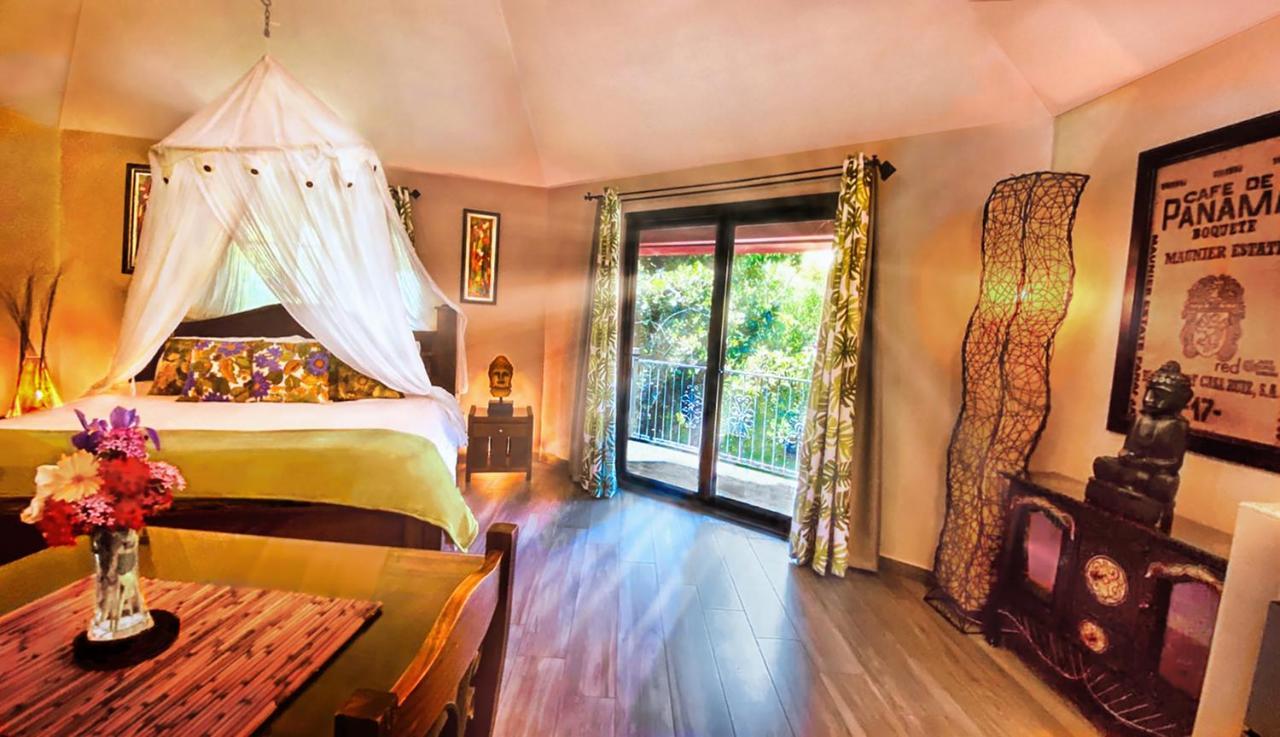 Boquete Garden Inn Bagian luar foto
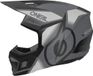 O'NEAL 3SRS Vision Zwart Grijs Casque de cross - Taille XL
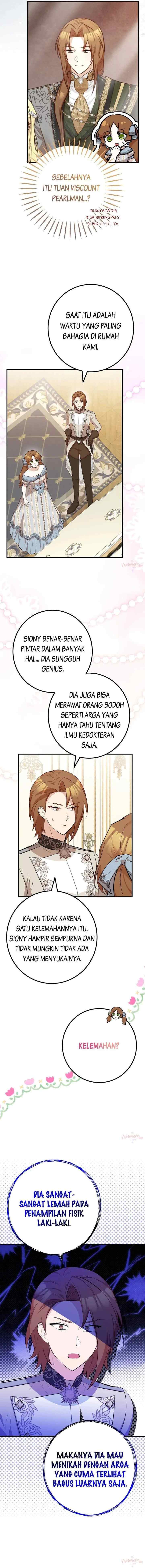 The Doctor Is Out chapter 58 halaman 10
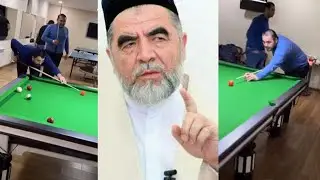 Биллиард ўйинининг ҳукми ҳақида ПАРАДОКС!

------------

* [WHAT IS BEING ASKED] Give an exact copy of the listing above that leaves out every picture.

* [WRITTEN ANSWER]
 Boquete Garden Inn Bagian luar foto
 O'NEAL 3SRS Vision Zwart Grijs Casque de cross - Taille XL
 The Doctor Is Out chapter 58 halaman 10
 Биллиард ўйинининг ҳукми ҳақида ПАРАДОКС!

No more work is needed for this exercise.